You have probably learned a few different methods for dealing with missing data such as dropping the missing values or replacing missing values by the mean or median value of the existing values. In small groups, 

- decide on a strategy for handling the missing values in the RBI column.
- search for a way to implement the solution looking through the Polars User Guide or API
- implement your strategy


In [None]:
# Missing Data, represented as "null" in polars

df["RBI"].null_count()

In [None]:
# Implement your method for handling missing data here

nullless_rbi = ...

In [None]:
# This count should return 0.

nullless_rbi["RBI"].null_count()

# Eager vs Lazy

Pandas is eager and Spark is lazy. Polar supports both evaluation paradigms.
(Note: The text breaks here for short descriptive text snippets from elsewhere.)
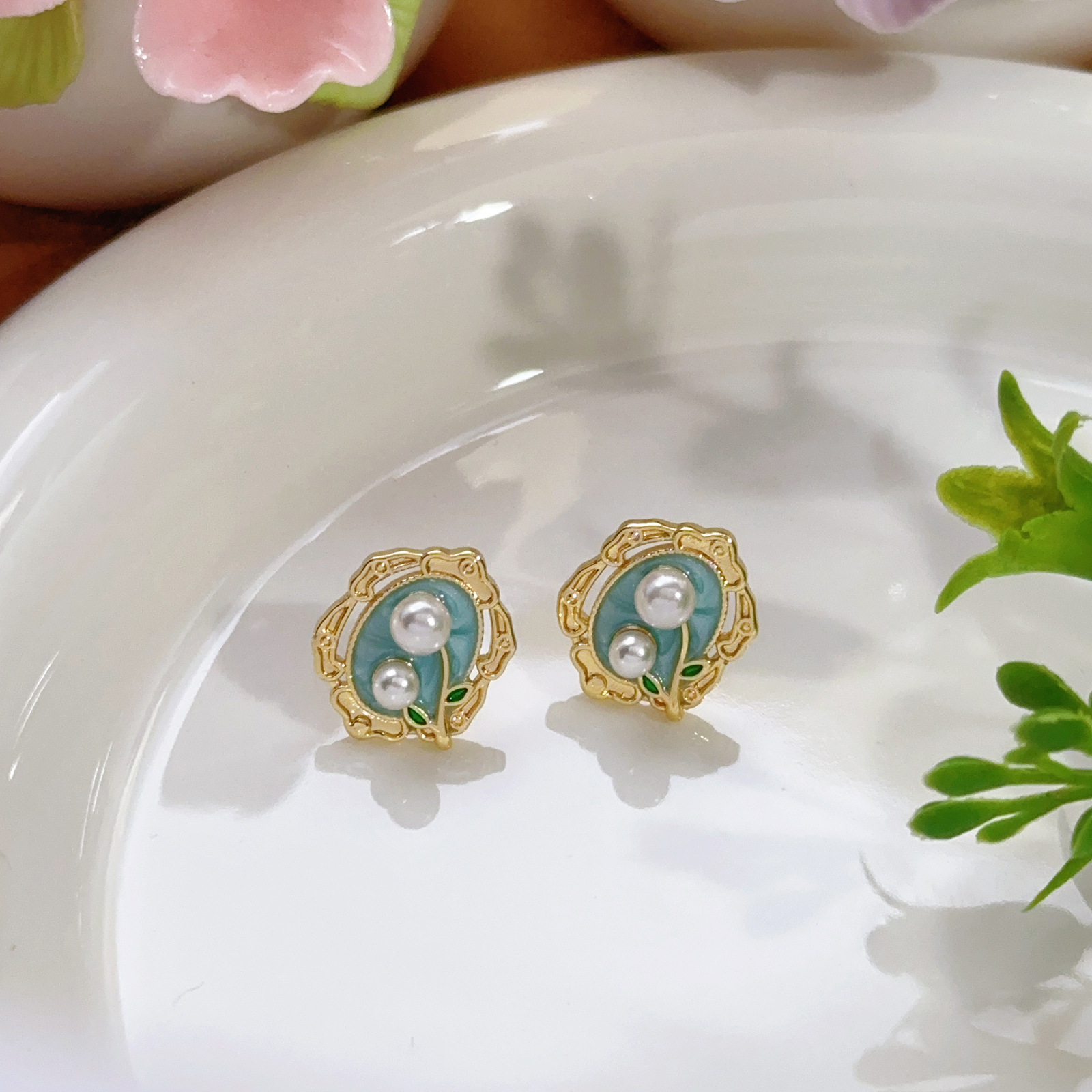 Pendientes de perlas Zhuji, temperamento blanco francés, pendientes antiguos, desplazamientos diarios, lujo ligero, joyería de orejas de alta gama al por mayor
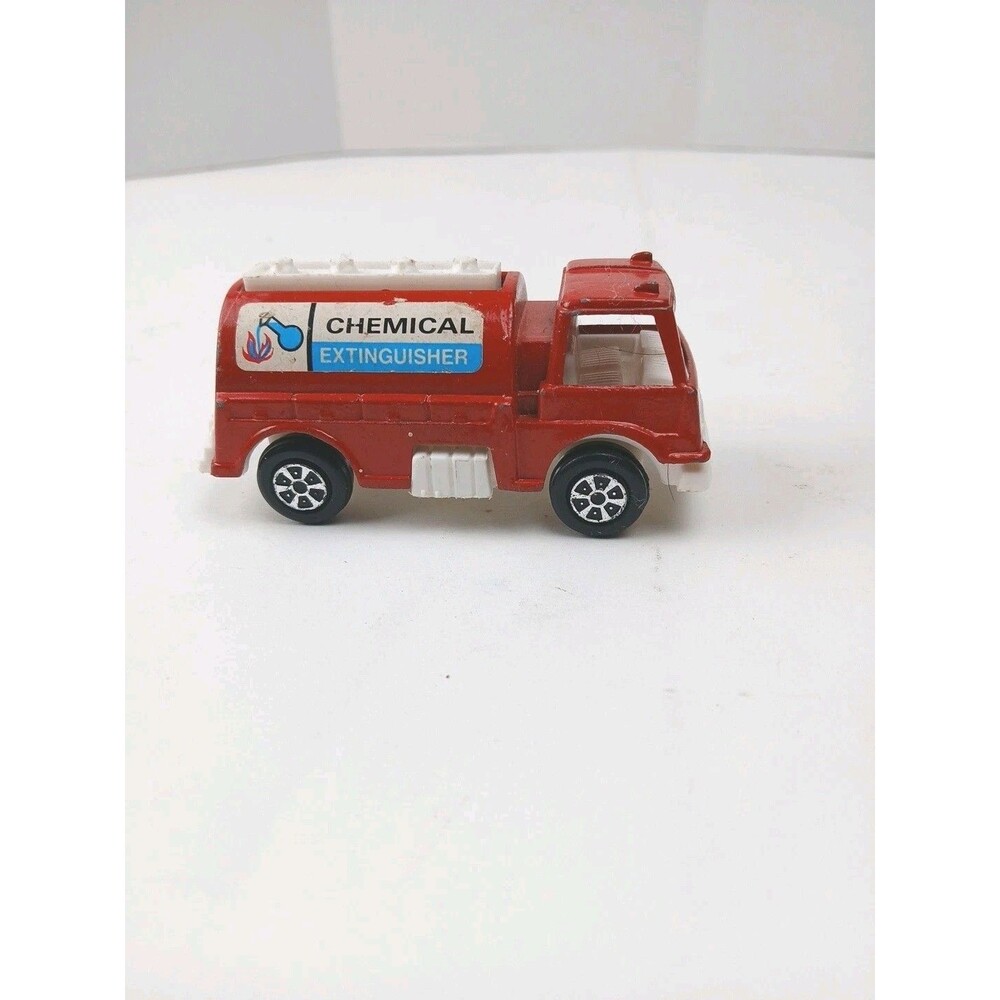 Vintage 1970 Tootsie Toy Chemical Extinguisher Truck Red Metal & Plastic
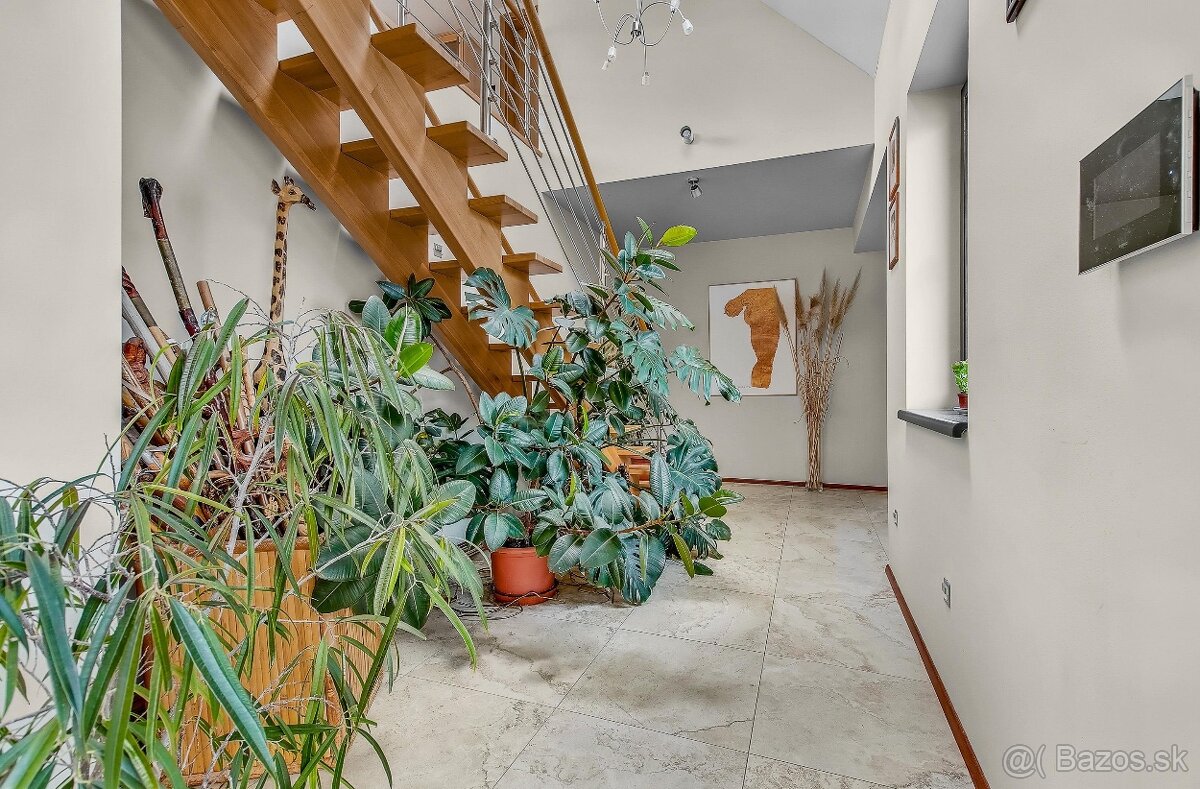 Na predaj komfortný a kvalitne postavený dom, Sološnica - 14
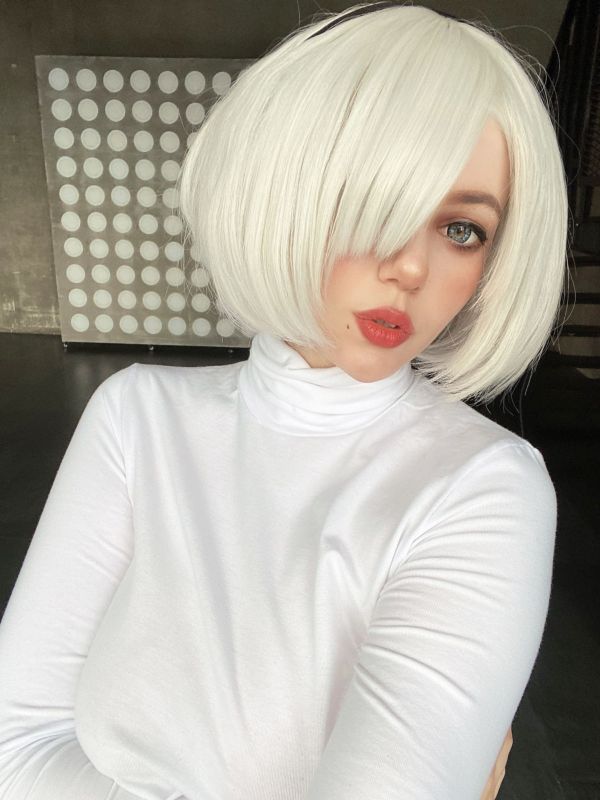 Alina Becker - 2B-幻想世界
Excerpt from Polars user guide.
>Eager evaluation is where code is evaluated as soon as you run the code. Lazy evaluation is where running a line of code means that the underlying logic is added to a query plan rather than being evaluated.

Building a query plan allows for more efficient query evaluation on large-scale programs.


In [None]:
# Simply add lazy() to the start of your query.

df.lazy().select(
    "yearID",
    "AB", # at bat
    "H" # hits
).filter(
    pl.col("AB") > 0
).with_columns(
    (pl.col("H") / pl.col("AB")).alias("Batting Avg")
).groupby(
    "yearID"
).agg(
    pl.col("Batting Avg").mean().alias("Avg Batting Avg")
)

In [None]:
# Use collect() to materialize the results

df.lazy().select(
    "yearID",
    "AB", # at bat
    "H" # hits
).filter(
    pl.col("AB") > 0
).with_columns(
    (pl.col("H") / pl.col("AB")).alias("Batting Avg")
).groupby(
    "yearID"
).agg(
    pl.col("Batting Avg").mean().alias("Avg Batting Avg")
).collect()

In [None]:
# Caching

bat_avg_df = df.lazy().select(
    "yearID",
    "teamID",
    "AB", # at bat
    "H" # hits
).filter(
    pl.col("AB") > 0
).with_columns(
    (pl.col("H") / pl.col("AB")).alias("Batting Avg")
).cache()


print(
    bat_avg_df.groupby(
        "yearID"
    ).agg(
        pl.col("Batting Avg").mean().alias("Avg Batting Avg")
    )
)

print(
    bat_avg_df.groupby(
        ["yearID", "teamID"] 
    ).agg(
        pl.col("Batting Avg").mean().alias("Avg Batting Avg")
    )
)

# Arrow, Parquet: Need for Speed

[Parquet](https://parquet.apache.org/) is an "on-disk" storage alternative to formats like "csv". Parquet store data by column instead of by row.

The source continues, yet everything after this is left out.